Added a couple cli commands for tiny neural nets (up to ~2k parameters).
Note: this is not about or using nn_lib stuff (although it’s part of my learning for that)!

gcd_nn_train : create and train a network
gcd_nn_output : generate output from a network

Details

Main purpose is to make it easy for folks to tweak and test very basic MLP neural nets in g’mic (including myself). The commands are small enough that others should be able to easily modify the code. This really is an ultra-basic toy example, don’t expect clever stuff from it!

Network design

Just layers of fully connected nodes and weights (no layer types)
There is a “hidden” bias node = 1 for each layer
Raw error is used (not loss function)
Online learning (not batches)
input/output nodes are not separate layers (they are in first/last layers)
Default size is 5 hidden layers of 18 nodes (19 including bias node)

Quirks

Activation function is a linear sigmoid based on lrelu
Bias weights beyond first layer are deliberately not trained
Initial weights ensure functions of separate inputs aren’t summed until beyond the first hidden layer (but multiple functions of one input will be)
Data order is only randomised once (regardless of iterations)
If the data is small, I suggest duplicating/augmenting it for high iters

Training data

Ranges are important and can have drastic effects
Inputs should be (-1,1)
Targets are auto normalised for training to [-0.495,0.495]
Output will be approximately in range [-0.5,0.5]
[x,y,z] dimensions of input/target must match (channels can differ)

Image layouts

weights: nodes * (nodes+1) * layers
nodes: nodes * layers
Inbound weights for each node are a column
Nodes for each layer are a row

To keep code readable it’s not heavily optimised. Training run time is about 6.5s to train 40k iters on my old core2 laptop. I’ve found 400k with learn rate 0.025 works quite well, but that takes about 1 minute. Output generation is about 2.5s for 40k vectors (e.g. a 200x200x3 image).

Examples

Random weights, image generation:

gcd_nn_random_2d_output : skip ${1=16},${2=7},${3=128}
  l[] {
    1 gcd_nn_train .,0,,$1,$2
    f[0] "u(2)-1"
    $3,$3,1,2,"[x,y]" n. -1,1
    gcd_nn_output[0,1] .,0,2 k..
  }

Matching a 1d function:

gcd_nn_match_1d_function :
  l[] {
    1024,1,1,1,x n -4,4 sin
    +f "[x,y]" n. -1,1
    +gcd_nn_train. ..,10000,0.05
    gcd_nn_output[-2,-1] [1],0 k[0,-1]
  }

Matching a 2d function with 3d outputs (e.g. an image):

gcd_nn_match_2d_function : skip ${1=40000},${2=0.1}
  foreach {
     100%,100%,100%,2,"2*([x,y]+0.5)/w-1"
     +gcd_nn_train. ..,$1,$2
     gcd_nn_output[-2,-1] [1],0,{s#0-1} k[0,-1]
  }

David_Tschumperle · May 4, 2026, 6:36pm

Awesome!
Training NN is definitely not as easy as it seems at first glance, so congrats for having achieved this.

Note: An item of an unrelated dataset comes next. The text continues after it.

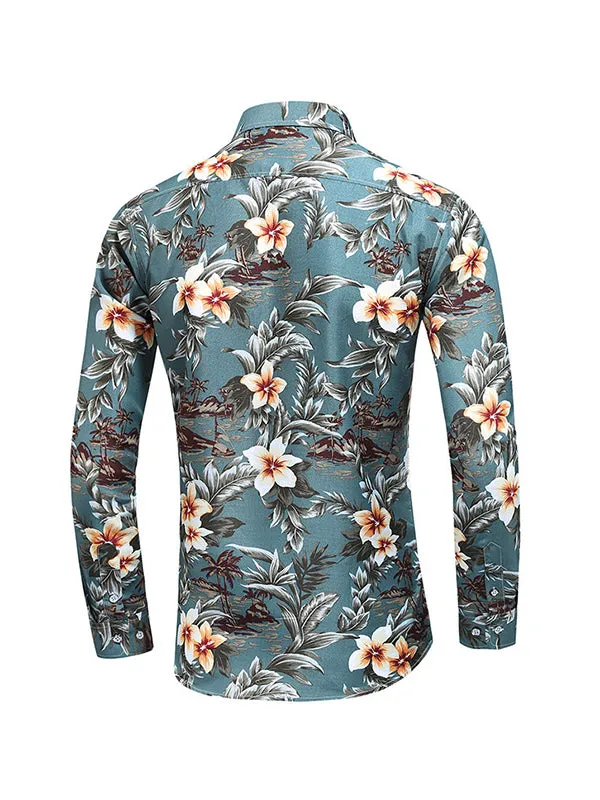 Men's Lily Print Long Sleeve Shirt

If you need some tutorials to use the nn_lib, just let me know.

garagecoder · May 4, 2026, 9:35pm

Hah yes, slightest change and everything explodes!

In the beginning I spent a lot of time looking for bugs that turned out to be range problems, so it’s very hard to know if the code is correct. Thankfully g’mic makes it easy to visualise things. It’s great when you finally get a glimmer of promising output!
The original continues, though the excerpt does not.